Başladığım noktaya dönüp bu kez şelale yönüne, yani sol tarafa doğru yol alıyorum. Yol üzerinde birkaç küçük stant ve kafe yer alıyor.
Kurşunlu Şelalesi sadece bir su kaynağı değil; binlerce yıl öncesine uzanan bir doğa mirası. 10-12 bin yıl önce gerçekleşen tektonik hareketler ve kireçtaşı kayaçların zamanla erozyona uğramasıyla oluşan bu doğal güzellik, yaklaşık 18 metrelik yüksekliğiyle görkemli bir su akışı sunuyor. Kireçli suların kayaları aşındırarak oluşturduğu travertenler ve küçük göletler, burayı adeta bir tabloya çeviriyor.
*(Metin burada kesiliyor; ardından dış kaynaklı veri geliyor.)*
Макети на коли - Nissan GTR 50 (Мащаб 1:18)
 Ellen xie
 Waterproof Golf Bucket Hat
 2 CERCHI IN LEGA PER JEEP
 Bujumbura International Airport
Çevredeki yürüyüş parkuru, sizi hem fiziksel hem de zihinsel bir yolculuğa çıkarıyor. Her adımda farklı bir bitki, farklı bir kuş sesi ya da kelebeğin kanat çırpışı eşlik ediyor. Çam, defne, çınar, zeytin, keçiboynuzu… Akdeniz’in tüm yeşili burada bir araya gelmiş gibi. Bu ormanlık alan; sincaplardan kuşlara, kelebeklere kadar birçok canlının da yaşam alanı.
Kurşunlu’ya gidecek olanlara birkaç küçük tavsiye: Yanınıza mutlaka rahat bir yürüyüş ayakkabısı alın. İlkbahar ve sonbahar, bölgenin doğasını en güzel haliyle görebileceğiniz dönemler. Yazın ise kalabalık artabiliyor, erken saatlerde gitmek en iyisi.
Antalya denince akla deniz, güneş ve kum gelir genellikle. Oysa şehrin hemen kıyısında, doğanın kalbinde sizi bekleyen bambaşka bir yüzü daha var. Kurşunlu Şelalesi, sadece doğa tutkunları için değil, hayatın yoğun temposuna kısa bir mola vermek isteyen herkes için gerçek bir kaçış noktası.
Yolunuz düşerse değil, kendinize o yolu yaratın. Çünkü bazen sadece suyun sesiyle baş başa kalmak, insana unuttuklarını hatırlatır.